These are the three things one Silicon Valley VC wants to hear on Snap’s first earnings call tomorrow

Goodwater Capital, a two-year-old, San Mateo, Calif.-based early-stage venture firm, has been trying to stake out new territory for itself by publishing a steady stream of research and tools that help inform both competing firms and startup founders. One of those pieces of research was a detailed snapshot of the tech company Snap, which Goodwater published in early February, shortly before the company went public. (We wrote about it here.)

Three months later, armed with fresh survey data of 3,000 Americans across the country who Goodwater recently polled using a third-party service, firm co-founder Eric Kim — who isn’t a shareholder — says he’ll be listening for three things on Snap’s very first earnings call tomorrow:

1) Snapchat’s competitive response to Facebook’s steady stream of attacks on its core platform.
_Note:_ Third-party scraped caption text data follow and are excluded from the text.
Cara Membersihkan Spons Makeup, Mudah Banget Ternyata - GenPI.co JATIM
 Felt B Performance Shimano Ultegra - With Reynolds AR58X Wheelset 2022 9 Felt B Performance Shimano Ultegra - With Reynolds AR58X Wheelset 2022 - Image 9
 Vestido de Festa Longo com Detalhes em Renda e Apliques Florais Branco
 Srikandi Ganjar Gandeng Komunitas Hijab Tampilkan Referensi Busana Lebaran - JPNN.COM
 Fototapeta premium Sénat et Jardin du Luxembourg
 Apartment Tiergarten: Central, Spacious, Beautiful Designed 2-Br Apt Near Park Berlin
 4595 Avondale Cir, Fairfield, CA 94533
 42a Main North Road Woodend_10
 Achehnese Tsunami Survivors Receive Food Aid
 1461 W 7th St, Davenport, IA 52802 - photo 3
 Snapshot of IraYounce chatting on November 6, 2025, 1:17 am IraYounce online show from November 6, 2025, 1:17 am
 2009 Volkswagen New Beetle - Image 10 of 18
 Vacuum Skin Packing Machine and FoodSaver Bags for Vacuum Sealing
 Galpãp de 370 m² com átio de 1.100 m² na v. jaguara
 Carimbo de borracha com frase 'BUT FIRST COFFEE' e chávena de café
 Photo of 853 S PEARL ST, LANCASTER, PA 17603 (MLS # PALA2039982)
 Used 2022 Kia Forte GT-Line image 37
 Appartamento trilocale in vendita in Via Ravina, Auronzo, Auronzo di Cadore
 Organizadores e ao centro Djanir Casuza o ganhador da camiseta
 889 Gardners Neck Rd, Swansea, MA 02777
“Snapchat’s stories platform has maintained market share over the last six months, but during that same period, Facebook has converted a whole lot of non users into users of its own [stories] platform,” notes Kim. “While Snapchat had and still has 12 percent market share of the story user base, Facebook has now grabbed 14 percent market share,” with Instagram Stories now claiming 200 million daily active users versus Snapchat’s 158 million users.

It matters how Snap plans to respond, of course, because Facebook’s success and Snapchat’s future are more directly correlated than Snap might like. Which raises the second issue that Kim will be focused on, and that is:

2) Snap’s daily active user outlook. 

“The expectation for this quarter is that Snap will add anywhere from seven to nine million users from the previous quarter,” says Kim. What Goodwater sees in its survey data might concern shareholders, however.

“Fifty-nine percent of respondents under age 30 said they use Snapchat, and 81 percent said they use Facebook, so the [two platforms] aren’t mutually exclusive,” he notes. That’s the good news. Here comes the problem: “For survey respondents under age 30, 46 percent said they expected to increase their usage of Snapchat going forward; of those over age 30, just 10 percent said they expect to increase their usage of Snap.”

When it comes to users ages 30 and up, the numbers for Facebook are far more encouraging, notes Kim. To wit, 65 percent of people under age 30 who were surveyed said they plan to increase their use of Snapchat going forward. But almost an identical percentage — 64 percent — said they expect to increase their use of Facebook.

Wait, you might wonder: How can anyone draw conclusions based on a survey of 3,000 people when the broader population of the U.S. is roughly 300 million? We asked Kim that very question. Noting that Goodwater employs several data analysts, he insists that it is “directionally correct.”

Which leads us to the third thing to which Kim will be paying close attention tomorrow, and that is:

3) What’s happening on the monetization front.

You knew that one was coming. “What we think is key, and we’ll be looking for, is what Snapchat is working on that caters to advertisers,” says Kim.

For the most part, he observes, Snap’s ad dollars are coming primarily through advertisers’ experimental budgets. That’s okay, of course, but it’s not going to reassure shareholders. What might comfort them is knowing what’s in the pipeline, along with learning whether some of Snap’s newer products — including a new self-serve ad manager and an API technology that it unveiled last fall — are enjoying some traction. “That’s a very important part of the story,” Kim says.

Kim adds that one last thing he’ll be curious to see is who does the talking tomorrow. “If it’s  [Snap CFO Drew Vollero] doing a lot of hand-waving about financial and user growth, the market will be sorely disappointed,” says Kim.